Lula botou a mão na massa e comandou pessoalmente a operação de caça a deputados federais que propiciou a derrubada da verticalização. Ao aprovar o fim da regra, impôs ainda uma derrota aos seus adversários tucanos (José Serra e Geraldo Alckmin). Feliz com a sua vitória, o presidente sabe que não terá o PMDB oficialmente no seu palanque. Os peemedebistas terão candidato próprio a presidente. Na manhã da quarta-feira 25, por unanimidade, a Executiva Nacional confirmou as prévias para o dia 19 de março. Não há mais como recuar. O artigo 62 do estatuto do PMDB define que a convenção nacional escolhe o candidato a presidente ou apenas homologa o resultado das prévias. Este ano, com prévias, a convenção nacional apenas ratificará o vencedor: o ex-governador Anthony Garotinho ou o governador gaúcho Germano Rigotto, os dois inscritos até agora.

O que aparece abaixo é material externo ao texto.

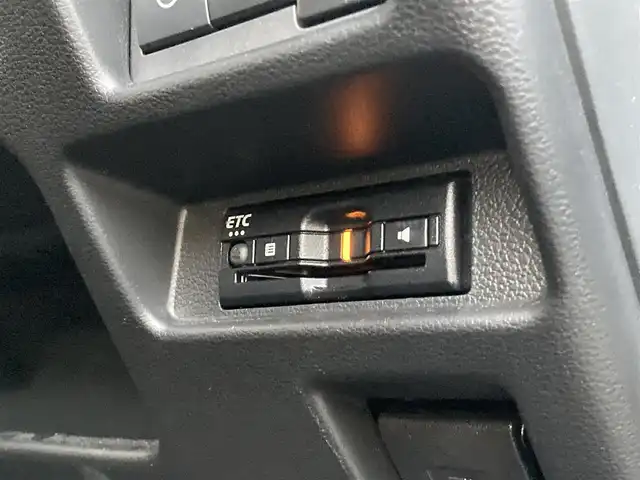 スズキ スペーシア カスタム HYBRID XS 長崎県 2024(令6)年 0.9万km ブルーイッシュブラックパール3 衝突被害軽減ブレーキ/両側パワースライドドア/ドライブレコーダー/メーカーOPナビ/・Bluetooth接続/・Apple Car Play/Android Auto/・フルセグTV/・USB/HDMI接続/全方位カメラ・バックカメラ/ヘッドアップディスプレイ/レーダークルーズコントロール/レーンキープアシスト/LEDオートヘッドライト/シーケンシャルウィンカー/電子パーキング/オートホールド機能/ハーフレザーシート/シートヒーター/ステアリングスイッチ/ステアリングヒーター/後席サーキュレーター/ETC/ISOFIX/後席USB充電ポート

Fazendo política, Lula costurou acordos com o PFL e até com setores do PSDB. O Planalto ainda enquadrou o presidente nacional do PP, deputado Pedro Corrêa (PE), garantindo 20 dos 48 votos, inicialmente contrários ao fim da verticalização. As articulações envolveram também conversas com os governadores Aécio Neves (MG) e Lúcio Alcântara (CE). Juntos, eles garimparam 24 votos numa bancada de 47 deputados federais.

Empolgado com o sucesso da ação junto ao Parlamento, Lula telefonou para o deputado Eduardo Campos (PE), presidente do PSB, logo após a votação. O assunto era a chapa presidencial. Mais fragilizado no Sul, Lula quer fazer par na dança da reeleição com o ministro Nelson Jobim. Com prazo legal para sair até início de abril, Lula sonha em ver Jobim filiado ao PSB para emplacar o vice sulista que pode resolver seus problemas.